This is the official repository for [**ParaCLIP**](https://aclanthology.org/2024.findings-eacl.144/), a new CLIP model designed for robust multi-modal retrieval.

* 🤔 **Problem**: Current CLIP models often struggle with linguistic variations in input queries, such as paraphrases, leading to inconsistent image retrieval results for queries with similar meanings.

* 🚀 **What is ParaCLIP**: ParaCLIP enhances the text encoder of standard CLIP models to be more robust against variations in language semantics and composition. It shows significant improvements over baseline CLIP models across various tasks, including paraphrased retrieval (with rank similarity scores improved by up to 2.0% and 5.6%), compositional understanding tasks, and semantic textual similarity (STS) tasks. Additionally, it boosts performance in the text retrieval task on the COCO dataset.

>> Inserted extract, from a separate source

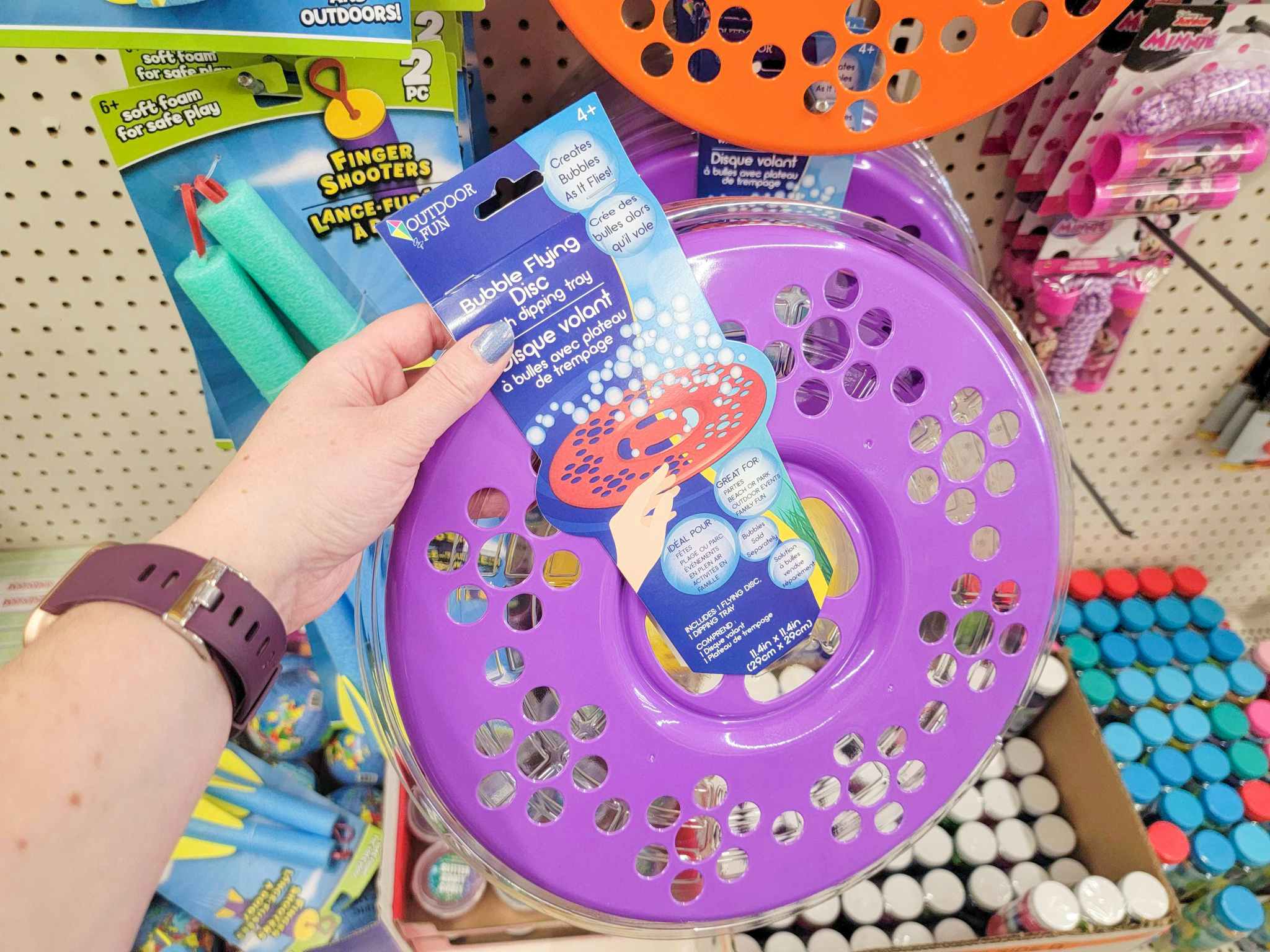hand holding a purple bubble flying disc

* 🔍 **Training Method**: We created 5M synthetic paraphrases of original image captions (sourced from LAION-400M) and fine-tuned the text encoder using contrastive learning while keeping the image encoder fixed.

* 📄 **Paper**: [Fine-tuning CLIP Text Encoders with Two-step Paraphrasing
](https://aclanthology.org/2024.findings-eacl.144/)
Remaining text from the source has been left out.